Firefox Sidebar and Vertical tabs: try them out

Overall reaction

  • Many are pleased Firefox is finally experimenting with native vertical tabs, calling it long‑overdue and a potential “easy win.”
  • Others find the current Nightly implementation too immature or underpowered compared to existing extensions and rival browsers.

Implementation status & UX issues

  • Feature is currently Nightly‑only and somewhat buggy: sidebar toggles reset, pinned tabs reportedly disappear after restart, sidebar sometimes fails to open.
  • By default, vertical tabs show only favicons, which several find unusable for large tab counts; there is a way to expand to show titles, but it’s non‑obvious.
  • Some report the top tab bar or title bar still consuming vertical space, especially on macOS; others note there is now a toggle to hide the horizontal tab bar.
  • Tabs are “chunky,” sidebar width is fixed, and there is no nesting/tree view yet.
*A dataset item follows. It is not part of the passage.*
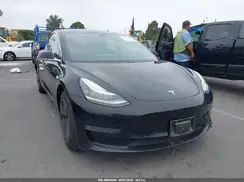 5YJ3E1EA2KF305915 2019 TESLA MODEL 3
Comparison with extensions and other browsers

  • Power users say Tree Style Tab, Sidebery, Simple Tab Groups, and similar addons are still far superior:
    • Support nested tree hierarchies, panes, auto‑grouping, integration with containers, memory management, and extensive customization.
  • Some hope the native feature will at least:
    • Provide a non‑hacky way to disable the horizontal tab bar.
    • Expose better APIs so advanced extensions can integrate more cleanly.
  • Several note that Edge, Vivaldi, Brave, Arc, and Safari already offer vertical tabs, groups, or workspaces; some see Firefox as “catch‑up,” not innovation.

Why vertical tabs?

  • Pro‑vertical arguments:
    • Modern screens have more horizontal than vertical space; vertical tabs free vertical pixels.
    • Easier to show long titles and many tabs with readable text.
    • Natural fit for hierarchies and grouping, similar to file explorers.
  • Counter‑arguments:
    • Horizontal tab crowding acts as a useful signal to close tabs.
    • Switching between vertical and horizontal paradigms across apps feels inconsistent for some.

Tab groups, workspaces, and split view

  • Very strong demand for:
    • Native tab groups/workspaces with hiding, hierarchical organization, and integration with containers.
    • Sync and restore of entire groups/workspaces across devices, not just individual tabs.
    • Native split‑pane/split‑screen browsing; some prefer to rely on OS window managers instead.

Meta: Firefox direction

  • Some welcome renewed UI experimentation after a perceived period of stagnation.
  • Others fear disruptive redesigns and prefer a stable, minimal UI.
  • A few question the timing relative to recent controversy about Firefox’s advertising/surveillance features; the actual development start is mentioned as recent but predating that debate.